OUTA celebrates anniversary and calls for support
This is according to OUTA's chairman, Wayne Duvenage, who said that the beginning of May 2013 marked a year since Judge Bill Prinsloo granted the temporary interdict which prevented SANRAL from implementing e-tolling on Gauteng's Freeways.
"That judgment was a victory for common sense and cost-effective government, but the case is far from over and must still be heard by the Supreme Court of Appeal (SCA) in Bloemfontein later this year," Duvenage said. He added that OUTA stood by its stance that e-tolling was a costly way to collect money needed for road building, especially when the almost cost-free alternative of the fuel levy and national taxation remained available. "Government will continue to claim that they alone have the right to decide on how to collect funds for roads, but a system that costs almost as much as the road itself just to collect the tolls is simply irrational and must be opposed," said Duvenage.
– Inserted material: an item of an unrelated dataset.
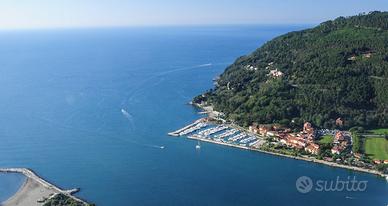 LAST MINUTE AMEGLIA (SP) tra mare e collina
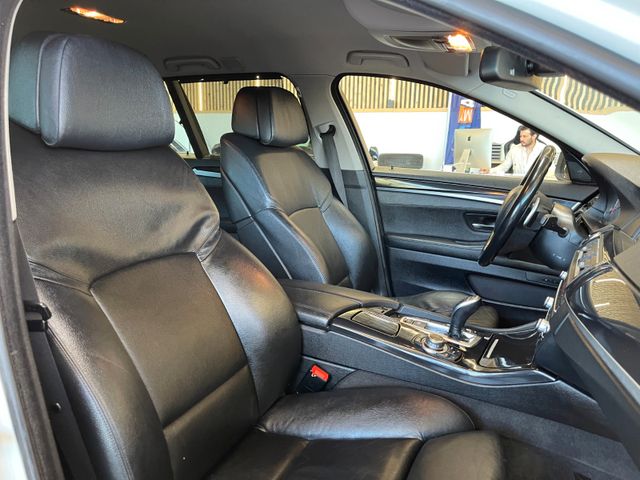BMW 530 d xDrive *VOLLLEDER*NAVI*AHK*4-ZONEN KLIMA*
"As OUTA prepares to take the battle to the SCA, it's important to say that success will only be possible with the public's continued financial support," he explained, adding that OUTA has raised more than two-thirds of the R12 million needed to fund the legal and other administration costs.
Duvenage called on every Gauteng motorist to reflect on what they would have spent per month on e-tolls had OUTA not successfully halted the system a year ago. He asked motorists to donate a couple of month's saving to the fight against e-tolling. "It makes sense to donate a little now, to save a lifetime of paying," Duvenage suggested.
Donations can be made safely and easily by visiting OUTA's website. "Every Rand helps," said Duvenage. "As long as SANRAL and government continue to ignore the overwhelming public rejection of e-tolling, the OUTA court case remains the only option which can prevent a lifetime of financial hardship for many motorists," he added.